E' uno dei miei piatti estivi preferiti. Quando lo preparo, nelle mattinate di luglio ed agosto quando alle 8 l'aria è già rovente e profuma del caldo insopportabile che verrà di lì a poco, mi piace pensare di essere nel deserto, tra dune di sabbia rossa e tende berbere di quel blu intenso che si confonde con il cielo. 
Il tabbouleh, piatto "del sud", dell'oriente, originario di Libano, Siria ed Israele spesso da noi viene associato al cuscus, che in realtà è parecchio diverso.

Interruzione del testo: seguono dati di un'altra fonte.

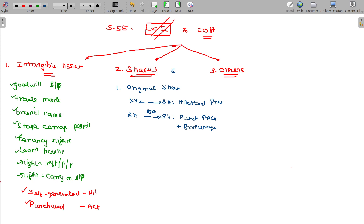STT — Securities Transaction Tax — will not be taken as a deduction as per Section 48, Proviso 7. STT will not be taken.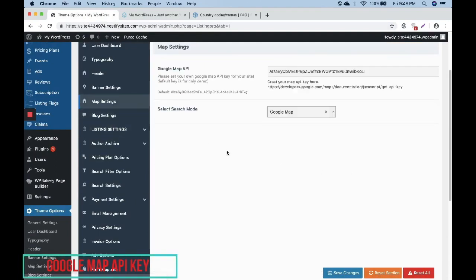You can find your API key in Theme Options under Map Settings. This is the API key field. You have to put your own API key which is provided by Google.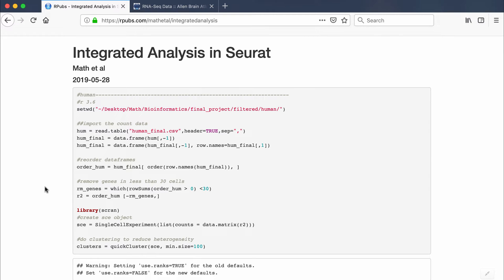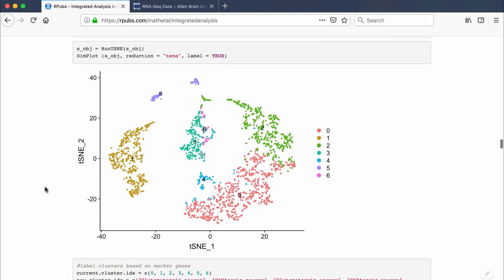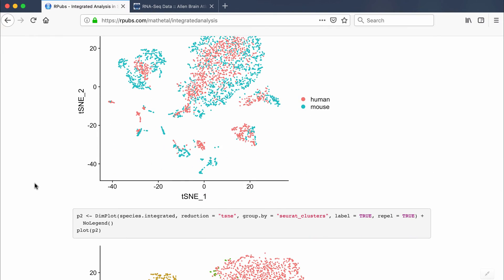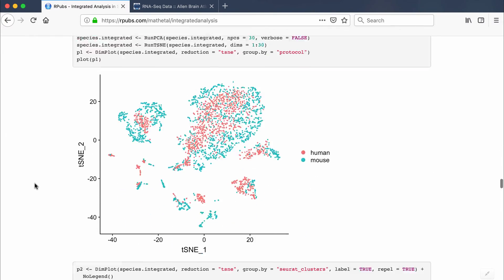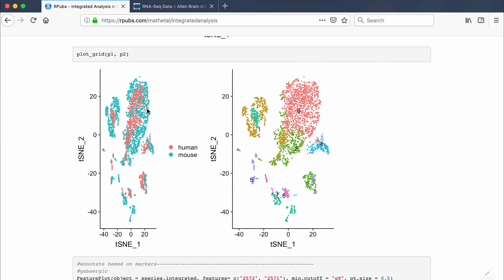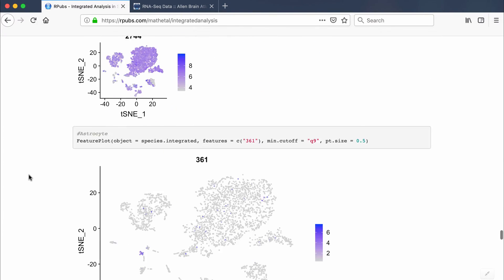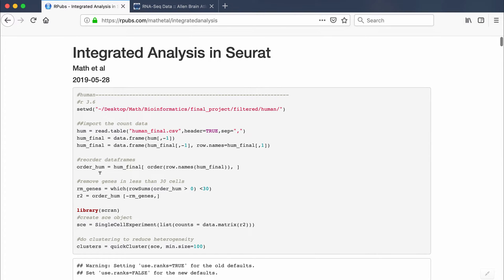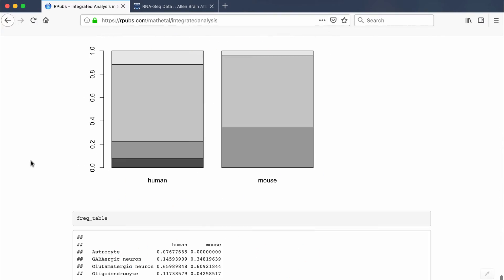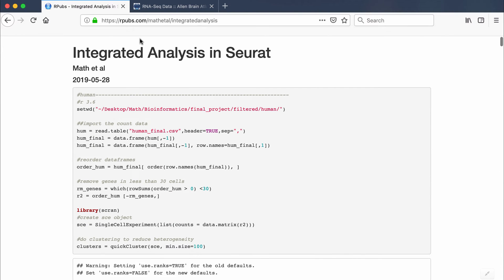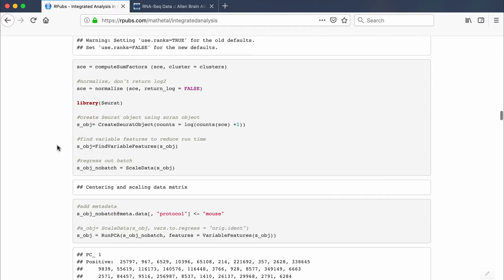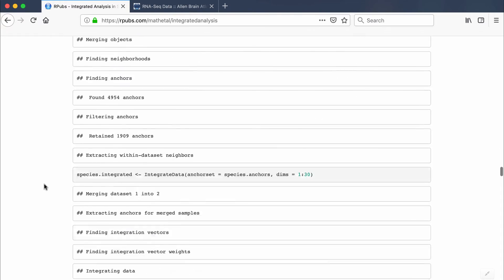In this video I'm going to do another single-cell RNA-seq tutorial similar to my last video, which covered cell type labeling. This video is on how to do integrated analysis in Seurat. I've already published the code to RPubs so it's publicly available, and the video will go over the RPubs documentation since it already has all the graphs and everything printed out.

Io lo adoro letteralmente e lo preparo quando in estate la semola fresca, ben condita con le verdure, la menta, il prezzemolo ed il limone è una vera delizia per tutti.

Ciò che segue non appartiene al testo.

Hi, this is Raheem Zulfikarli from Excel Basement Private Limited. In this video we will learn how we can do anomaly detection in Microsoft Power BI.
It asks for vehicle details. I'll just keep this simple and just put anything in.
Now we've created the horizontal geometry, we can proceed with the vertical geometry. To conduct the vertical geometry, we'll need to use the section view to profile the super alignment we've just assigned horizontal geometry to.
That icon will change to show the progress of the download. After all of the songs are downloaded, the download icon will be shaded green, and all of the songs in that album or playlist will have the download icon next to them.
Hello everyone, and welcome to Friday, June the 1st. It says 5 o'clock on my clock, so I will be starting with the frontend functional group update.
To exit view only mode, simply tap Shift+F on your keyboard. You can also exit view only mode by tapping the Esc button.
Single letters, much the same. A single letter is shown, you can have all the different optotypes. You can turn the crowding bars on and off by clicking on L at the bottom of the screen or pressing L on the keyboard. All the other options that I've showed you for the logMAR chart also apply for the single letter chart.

Questa versione, siciliana [arabi e siciliani sono fratelli, cugini di vecchia data] è fantastica e la preparo con questi ingredienti:

* semola per cuscus araba
* 1 bella cipolla rossa
* mezzo peperone rosso, mezzo verde e mezzo giallo
* succo di almeno 3 limoni
* menta fresca
* mezzo cetriolo senza buccia
* 500 gr. di pomodori

Preparate la semola senza cuocerla. Sistematela in un contenitore molto ampio [come la mia tajine tunisina] e versate acqua calda ma non bollente poco per volta fino a quando la semola sarà bagnata ma non troppo. "Incocciate" con le mani la semola piano piano finché i grani saranno separati, poi coprite con un canovaccio pulito e lasciate "cuocere". Nel frattempo pulite tutte le verdure e tagliatele a tocchetti. Se i pomodori hanno molto sugo, scolateli. Condite la semola con olio evo, succo di limone, un pizzico di sale, le verdure crude e la menta a pezzetti. 
La versione libanese prevede solo pomodori, cipolla, limone e molto prezzemolo, quella iraniana invece usa succo d'arancia al posto dell'acqua ed è ottima.